Yes, I do think the first associate would have paid more attention to a younger person but of course there’s no way of knowing. It’s just that feeling you get of not really being seen. And yes, a different experience at those other stores you mention for me, too. Maybe it comes down to the store and their overall branding and attitude.
Great story, Barbara; so much resonated. And I loved how you dropped in all the current jargon that is somehow intended to transform the sale into some sort of “experience,” but is mainly just empty semantics.
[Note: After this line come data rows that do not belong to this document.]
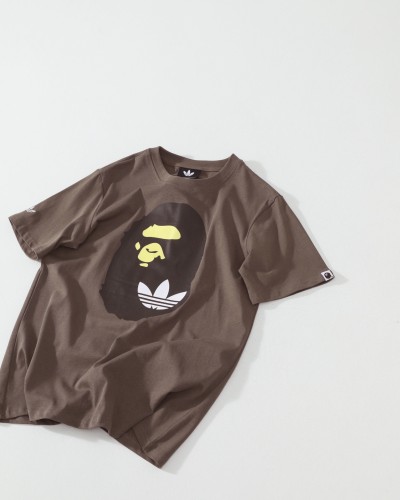 1:1 quality version adidas Originals Ape Head Trefoil Logo Print Brown T-shirt 29060613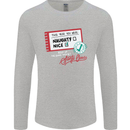 Naughty Nice Funny Christmas Santa Claus Mens Long Sleeve T-Shirt Sports Grey
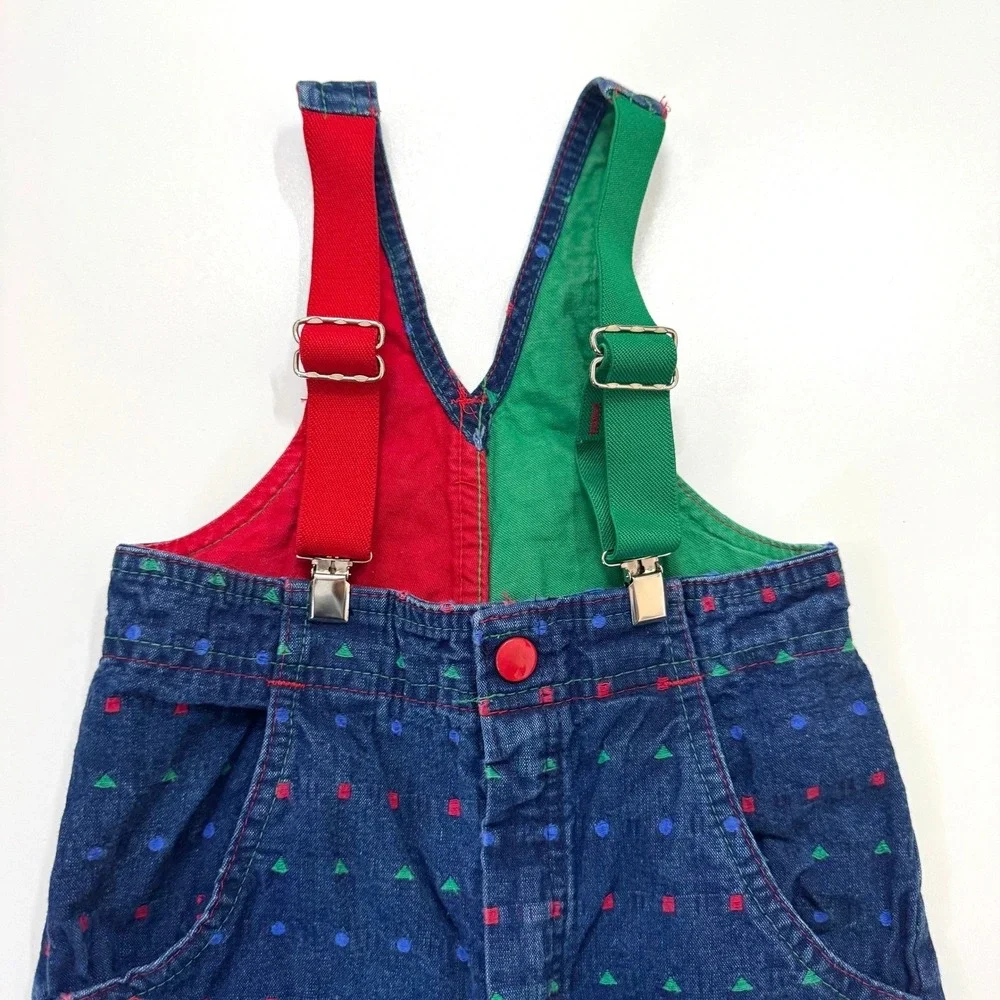 VTG 90s OshKosh Vestbak Suspender‎ Overalls Geometric Shape Colorblock USA 4T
As I further considered this, I think I have avoided such experiences for the most part by automatically gravitating to the older “associates.” Indeed, I remember a particularly gratifying experience recently when I was in Nordstrom’s with my wife and she was having a tough time finding a fancy, but age-appropriate dress for a wedding we were going to, and finally found a woman of about our own age who could not have been more helpful. (She had been in real estate for years previously, she told us.) And, because we dropped so much on the — perfect — dress for my wife, I was entitled to a “bonus” in the men’s department — yeah, I know, anachronistic and maybe even a bit sexist, but still… — and the “associate” escorted us downstairs and put me in the capable hands of a guy who was also an age-mate who helped me find a very nice, subdued sports jacket.
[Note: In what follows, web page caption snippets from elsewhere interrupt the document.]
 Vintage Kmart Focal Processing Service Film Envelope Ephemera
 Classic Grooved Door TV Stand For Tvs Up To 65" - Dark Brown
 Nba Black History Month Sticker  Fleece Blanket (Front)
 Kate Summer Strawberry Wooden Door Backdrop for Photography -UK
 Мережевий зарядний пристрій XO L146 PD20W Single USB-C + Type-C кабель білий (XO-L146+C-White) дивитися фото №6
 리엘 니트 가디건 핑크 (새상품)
I get it that Norstrom’s is particularly known for service, but we sure liked being handled so well by fellow geezers.
Thanks, John…and I love your explanation of the jargon! And yes, Nordstrom’s! I had a strikingly similar experience there when shopping for a wedding I was going to, including the “bonus” which in my case was some costume jewelry which perfectly complimented the outfit. I always choose Nordstrom’s if I need to go to a department store! They have the right idea…there are lot of us who still savor the type of shopping experiences we had back in the day. My favorite was Robinson’s in Beverly Hills with its mid century modern design, elegant tea room, and even a luxury fur salon where models actually modeled the merchandise. Now see what you’ve done, John…there I go down memory lane AGAIN! Don’t get me started on Bullocks Wilshire with its Art Deco copper-patinated tower, porte-cochere, murals, perfume hall as you enter, travertine floors…okay, clearly I miss the good old days. There, I’ve said it. Every once in a while it just slips out.
Get over it?
OK Boomer, I’ll try!
OK, Dr. Tom will prescribe the remedy for you, Barbara and all who wish to partake. There are still retail experiences as we remember or at least wish them to be. Provided you have a local independent hardware store. Fortunately I have one within five miles. The ones that have basement showrooms as well as main floor showrooms. The ones with proprietors who can tell you precisely whether they have what you’re looking for and will lead you to it. One of my favorite old time hardware store stories is now a bit dated, almost twenty years old, and in Chicagoland. I had purchased a plasma HD TV and was having it wall mounted; the installers, who knew what they were doing, said that it needed a “clock outlet” – on that is recessed in the wall so that the clock, or in this case, the TV would fit flush on the wall. These were once ubiquitous but are now scarce. I went to my neighborhood hardware, found the proprietor, who was retrieving something for another customer, told him what I needed, and watched him, without looking, pluck it from a nearby shelf. Sigh.
Thanks, Dr. Tom! I do try to shop mom-and-pop but so often succumb to convenience. But even our local Ace hardware store is staffed with very helpful, and mostly older, sales clerks (who don’t mind being called “sales clerks”). It does seem like age has something to do with it.